Abogado litigante especializado en materia civil y mercantil.
La reforma judicial ha dejado de ser una propuesta para convertirse en una realidad. México ha cruzado un umbral del que será difícil volver: el diseño del Poder Judicial ha sido reconfigurado desde su raíz. Los cambios no son meramente estructurales o técnicos; son profundamente políticos, institucionales y, sobre todo, históricos.
Con la aprobación de esta reforma, se establece el mecanismo de elección popular para jueces, magistrados y ministros, bajo el argumento de “democratizar la justicia”. Este nuevo paradigma modifica radicalmente la forma en que concebimos la función jurisdiccional. Pero más allá del discurso, lo que ahora enfrentamos son las consecuencias prácticas, especialmente en el ámbito local, como el del Poder Judicial de la Ciudad de México.
El primer efecto será la incertidumbre institucional. La designación de jueces mediante votación popular plantea, de entrada, un cuestionamiento sobre el perfil de quienes ocuparán estos cargos. ¿Prevalecerá el mérito técnico o la capacidad de hacer campaña? ¿Qué garantías existen de que los nuevos titulares no deban su lugar a intereses políticos, corporativos o clientelares?
La Ciudad de México, por su densidad poblacional, diversidad social y complejidad jurídica, representa uno de los sistemas judiciales más exigentes del país. Las cargas de trabajo, la especialización de materias y la constante evolución normativa requieren de operadores jurídicos con experiencia, conocimientos sólidos y criterio independiente. Con el nuevo modelo, esa profesionalización corre un riesgo real de diluirse.
En segundo lugar, emerge el riesgo de la judicialización de lo político y la politización de lo judicial. Si los jueces deben responder al electorado, es previsible que busquen resolver con base en la aceptación social, y no necesariamente conforme a Derecho. La justicia podría empezar a leerse en clave electoral: lo popular por encima de lo justo.
A nivel práctico, esto tendrá impacto directo en la vida cotidiana de miles de personas y empresas que acuden cada año a los tribunales capitalinos para resolver conflictos civiles, mercantiles, familiares o administrativos. Los nuevos jueces estarán en la mira, cuestionados si han sido puestos bajo presión de actores políticos o grupos de interés, lo que podría mermar la confianza del ciudadano en las resoluciones judiciales que se tomen en sus asuntos.

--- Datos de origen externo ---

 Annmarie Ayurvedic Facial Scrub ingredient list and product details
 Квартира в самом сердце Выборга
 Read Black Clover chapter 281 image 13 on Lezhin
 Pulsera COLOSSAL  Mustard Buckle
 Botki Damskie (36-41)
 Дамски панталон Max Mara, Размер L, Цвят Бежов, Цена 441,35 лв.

Otro escenario preocupante es la inestabilidad o franca desaparición de la carrera judicial. Muchos jueces con trayectoria y formación sólida quedarán fuera del sistema por no haber sido electos, o por no querer someterse a un proceso que los expone públicamente. “No quise solicitar ser electa para algo que ya soy”, me comentó una juez con muchos años de experiencia antes de que la reforma fuera aprobada. La reforma provocará una pérdida de capital técnico difícil de reponer a corto plazo.
En el fondo, lo que está en juego no es solamente el funcionamiento de los tribunales, sino la naturaleza misma del Estado de derecho. La justicia debe ser imparcial, independiente y ajena a cálculos políticos. Su función no es agradar a las mayorías, sino proteger derechos, incluso —y especialmente— cuando hacerlo es impopular.

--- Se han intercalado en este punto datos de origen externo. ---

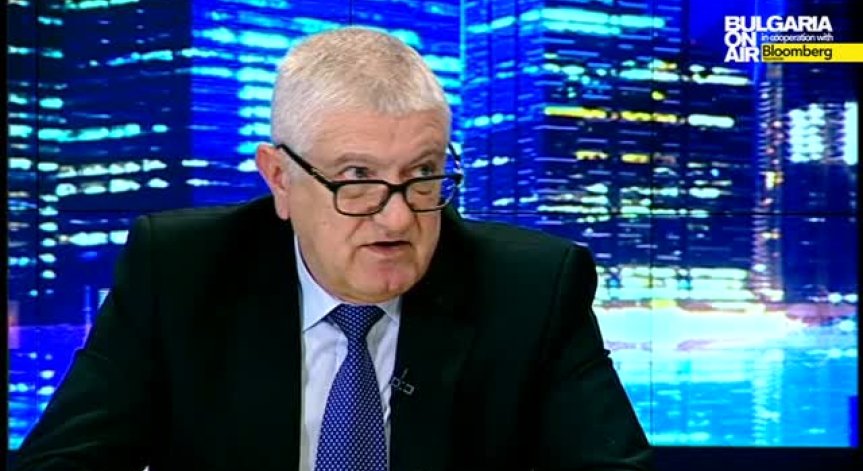 Нужна е реформа в БДЖ, смята Петър Кънев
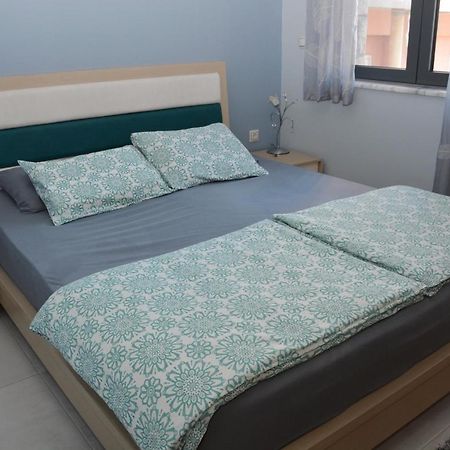 Pegasus Sea View Luxury Apartments Vrasná المظهر الخارجي الصورة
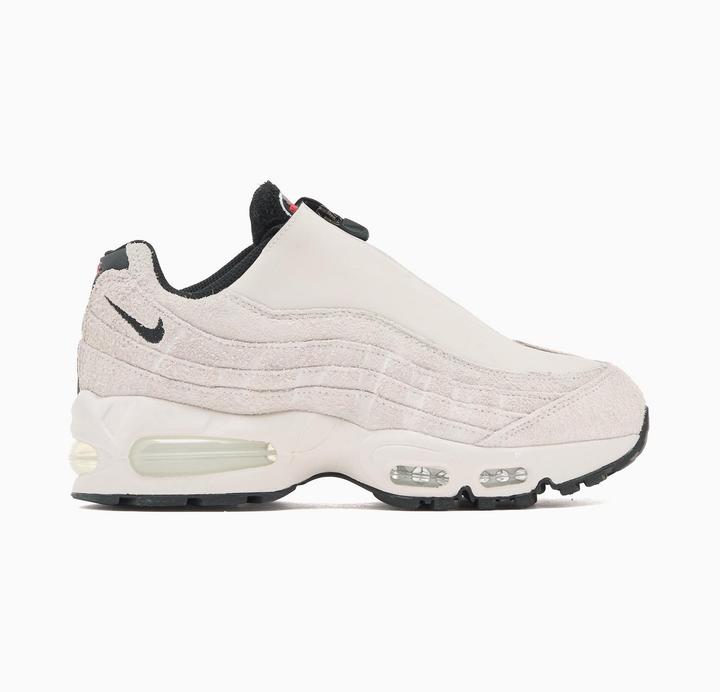 Produktbild Nike Air Max 95 Zip Big Bubble Phantom (35.5)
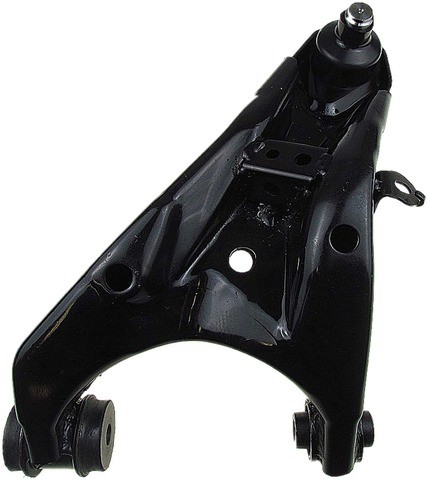 Dorman - OE Solutions Suspension Control Arm and Ball Joint Assembly P/N:524-770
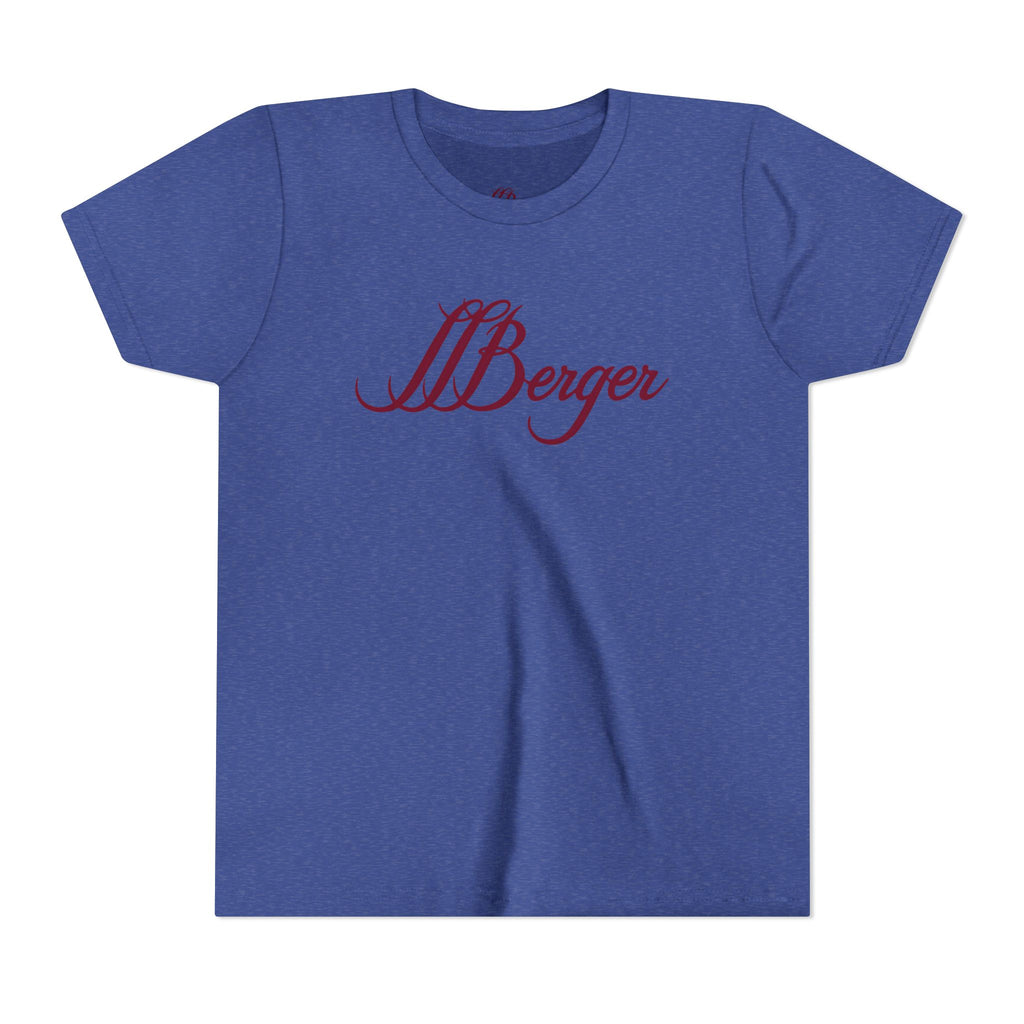 L. L. Berger Kids Tee / T-Shirt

Ahora que la reforma es un hecho, el reto es mitigar sus efectos más nocivos. Será crucial que la sociedad civil, la academia y el propio gremio jurídico vigilen la implementación, documenten los retrocesos y propongan vías correctivas. No basta con lamentarse; es momento de asumir un rol activo en defensa de la legalidad.
El Poder Judicial de la Ciudad de México tiene frente a sí una etapa crítica. No está en juego sólo su estructura, sino su legitimidad y eficacia. La confianza ciudadana no se decreta, se construye con resultados. Y estos dependerán no de discursos, sino de hechos. De cómo se resuelven los juicios, de cómo se protege al débil frente al fuerte y de si la justicia sigue siendo un derecho o se convierte en un campo más de lucha política.
En el futuro próximo, los tribunales serán un espejo del país que queremos ser. Que ese reflejo no sea el de una justicia debilitada, manipulable o temerosa. Porque sin justicia, no hay desarrollo. Y sin desarrollo, no hay país.